_INPUT FOR THIS TASK:_
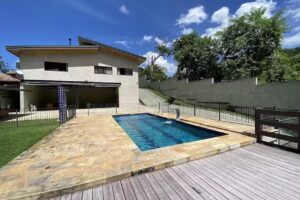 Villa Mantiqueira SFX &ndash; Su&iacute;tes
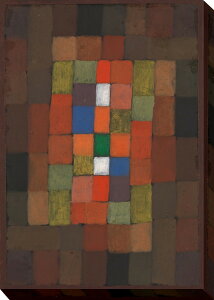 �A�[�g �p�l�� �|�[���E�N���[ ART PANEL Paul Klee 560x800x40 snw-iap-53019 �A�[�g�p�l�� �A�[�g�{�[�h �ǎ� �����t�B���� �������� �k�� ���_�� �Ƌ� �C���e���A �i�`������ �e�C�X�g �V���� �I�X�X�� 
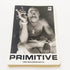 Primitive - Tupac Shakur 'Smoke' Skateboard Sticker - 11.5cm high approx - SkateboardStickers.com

---

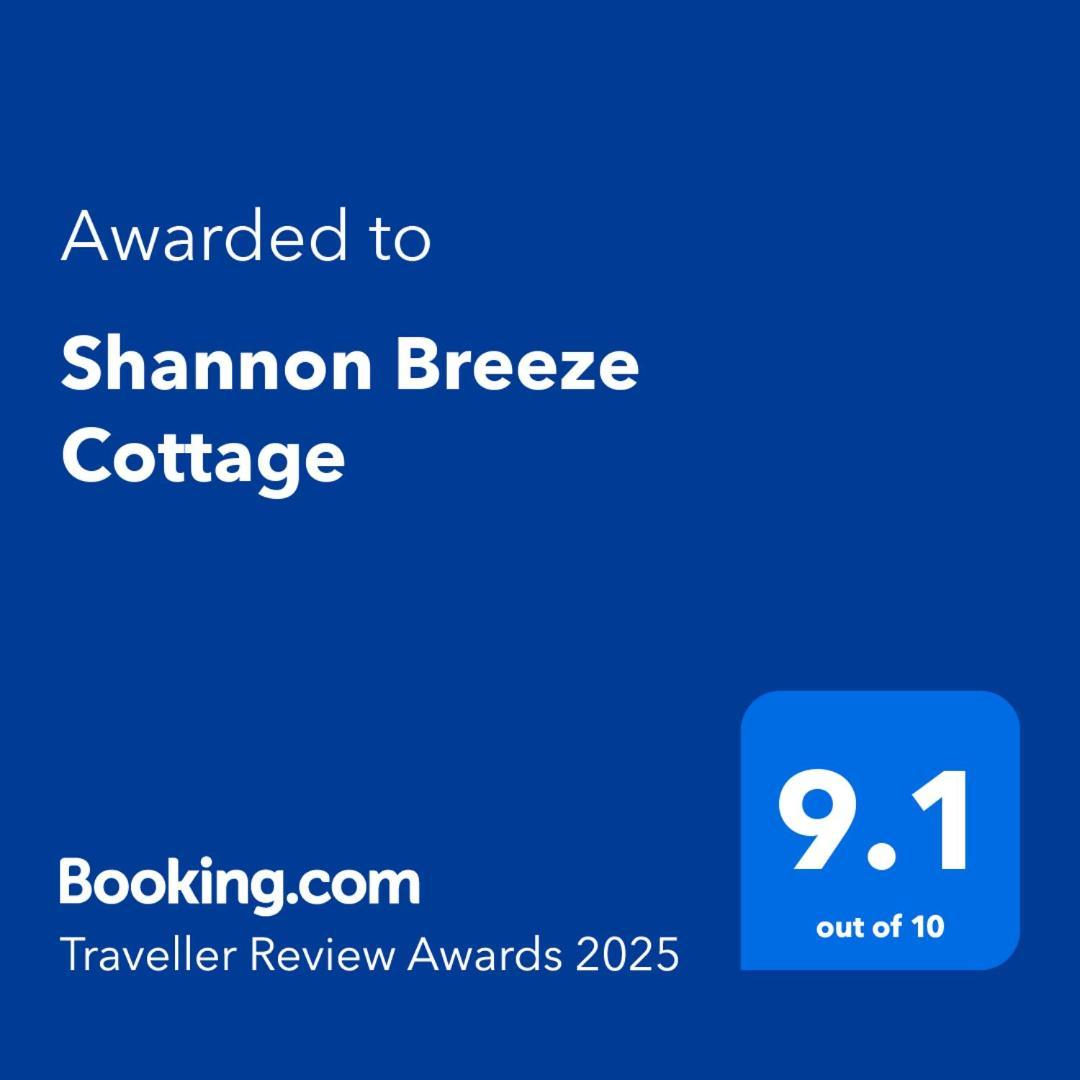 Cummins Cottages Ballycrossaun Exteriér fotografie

--

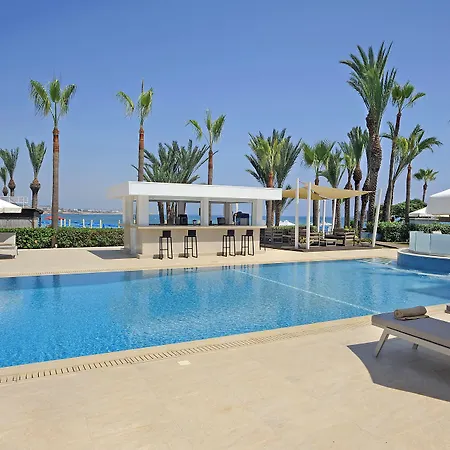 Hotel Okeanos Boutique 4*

_INSTRUCTIONS TO FOLLOW:_
The lines to copy exactly start with the line above that has "Villa Mantiqueira SFX &ndash; Su&iacute;tes" and go on through the line that has "Primitive - Tupac"; please include both, add nothing else, and omit the pictures.

_WRITTEN ANSWER:_
 Villa Mantiqueira SFX &ndash; Su&iacute;tes
 �A�[�g �p�l�� �|�[���E�N���[ ART PANEL Paul Klee 560x800x40 snw-iap-53019 �A�[�g�p�l�� �A�[�g�{�[�h �ǎ� �����t�B���� �������� �k�� ���_�� �Ƌ� �C���e���A �i�`������ �e�C�X�g �V���� �I�X�X�� 
 Primitive - Tupac Shakur 'Smoke' Skateboard Sticker - 11.5cm high approx - SkateboardStickers.com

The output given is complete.